An EE calculating a resistor for a circuit has a certain applied relative
honesty such that either he's truthful about 2+2=4 and the circuit works or he
lies and the 2+2=5 and the circuit doesn't work. That times 300 days/year time
millions of engineers times centuries of progress equals our pretty freaking
cool miracle of a modern world. Some individuals sometimes cheat when they
play poker, or lie about politics, whatever.

On the other hand consider a line of work inherently relatively on average
dishonest like marketing a dish soap via TV commercial method of marketing. No
amount of extra lying will eventually construct Hoover Dam or land men on the
moon.

------
andy_ppp
People have been trained to be individual consumers of both products and
information. They'll believe something so long as it's easy to fit in with
their other opinions. There is very little way of me understanding climate
change science myself, but I'm willing to believe climate scientists, but this
is actually an act of faith, I can't independently confirm that climate change
is caused by humans, just say that it's very likely.

My Dad is a little bit like Donald Trump in how he searches the Internet for
things which support his already well held views; he thinks that climate
change is a hoax.
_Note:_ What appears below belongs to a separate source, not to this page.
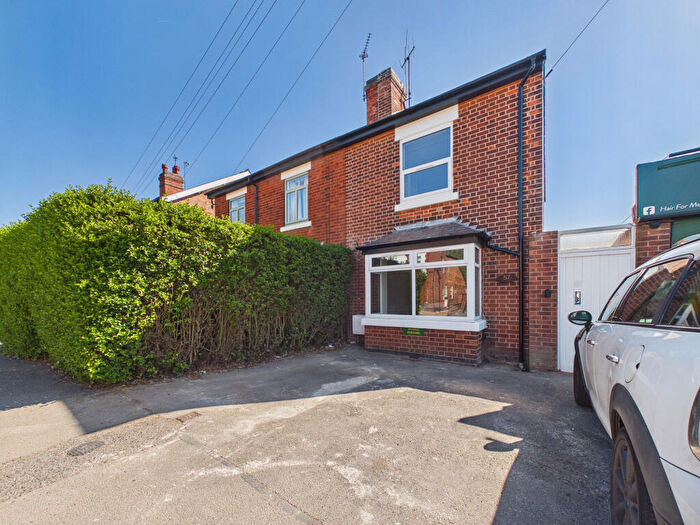 3 Bedroom Semi-Detached House For Sale In Station Road, Mickleover, DE3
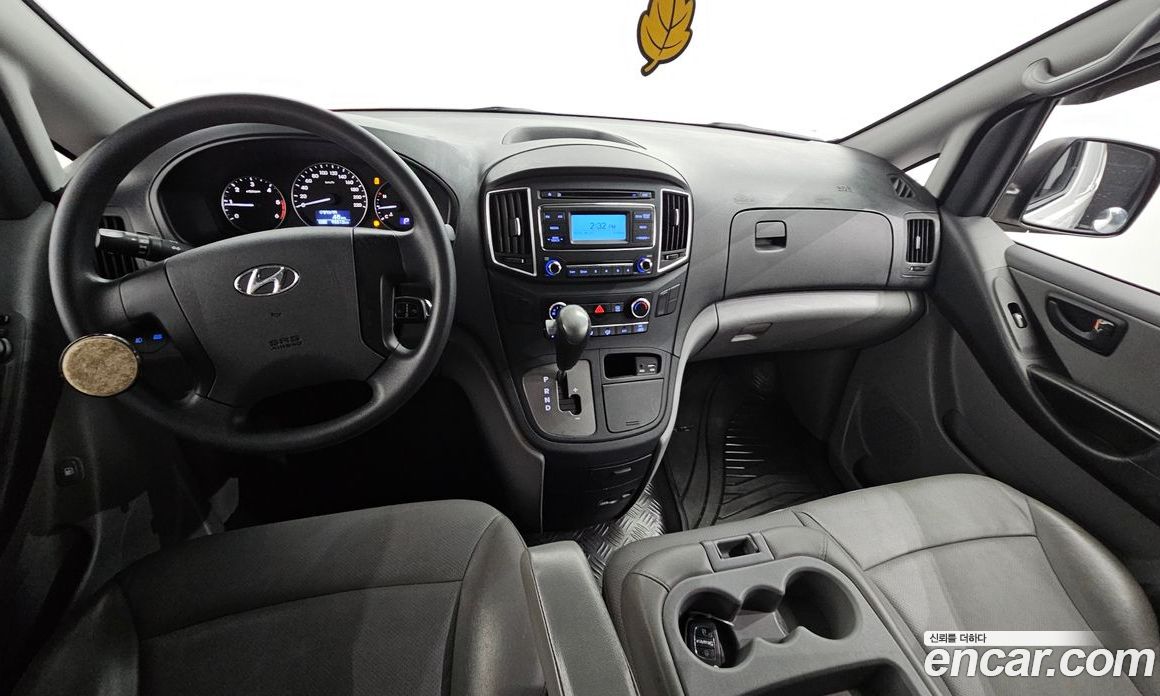 Hyundai Starex Van 3-Seater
When I quote him this brilliant tweet from Scott Westerfeld:

"Plot idea: 97% of the world's scientists contrive an environmental crisis,
but are exposed by a plucky band of billionaires & oil companies."

He just laughs and tell's me about fake news sites he's read as a counter
point.

This is a great piece of research anyway; I love that people largely are
willing to hedge their bets/beliefs and agree that investing in renewables is
massively important, even though a lot of those people don't believe in
climate change!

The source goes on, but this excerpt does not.